### Assignment
From the first line to the last, restate the data exactly, leaving out the images.

### Provided material
########################################

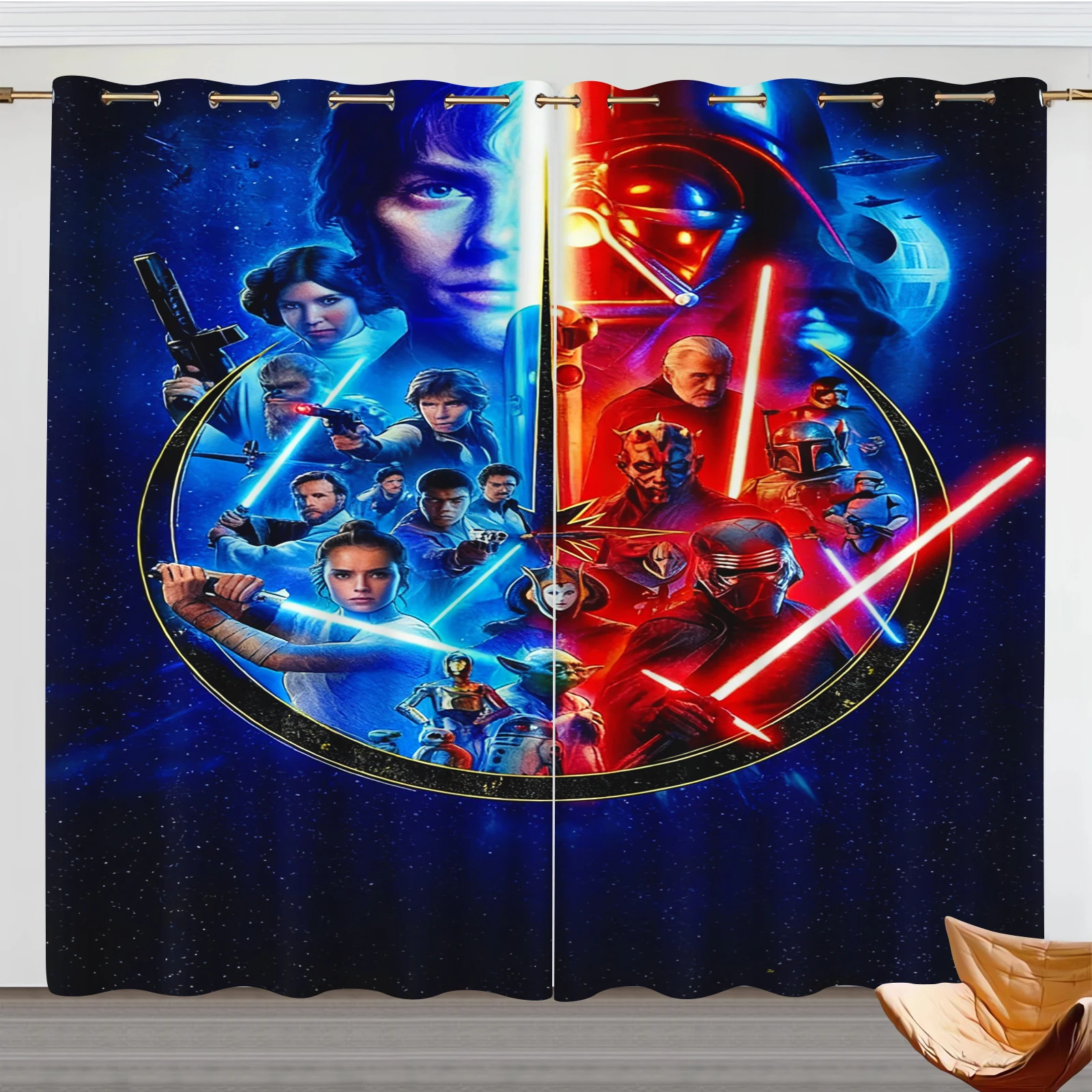 rideaux-imprimes-star-wars-darth-vader-obi-wan-rideaux-occultants-pour-fenetre-decoration-de-chambre-a-coucher-salon-chambre-otaku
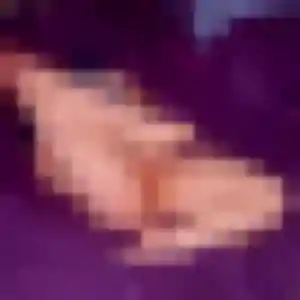 Photo sexy de Rosalie, 37 ans à Forges-les-Eaux - plan discret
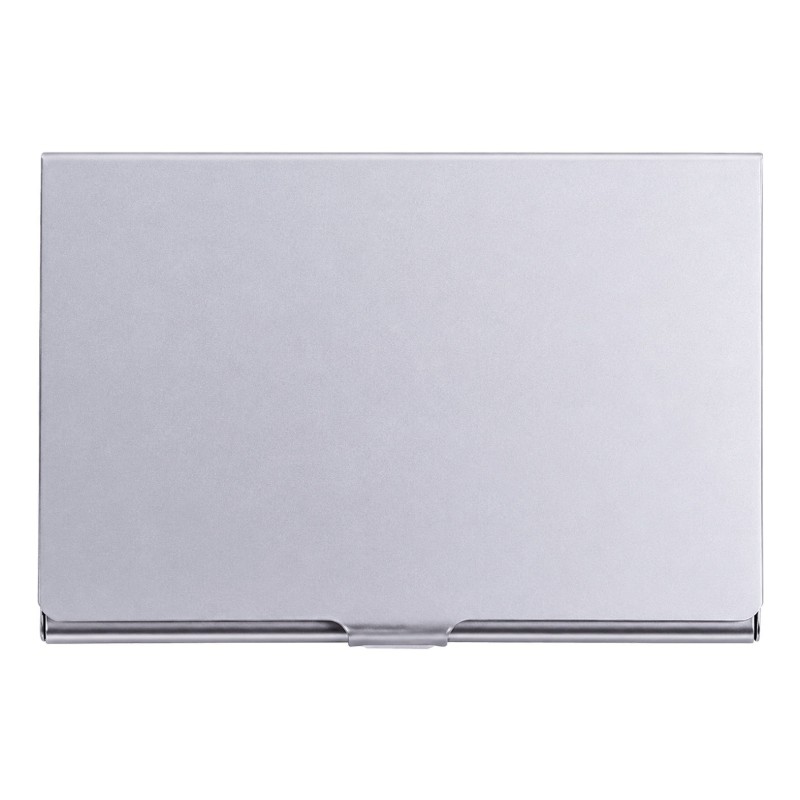 Tarjetero Card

########################################

### Output of the exercise
 rideaux-imprimes-star-wars-darth-vader-obi-wan-rideaux-occultants-pour-fenetre-decoration-de-chambre-a-coucher-salon-chambre-otaku
 Photo sexy de Rosalie, 37 ans à Forges-les-Eaux - plan discret
 Tarjetero Card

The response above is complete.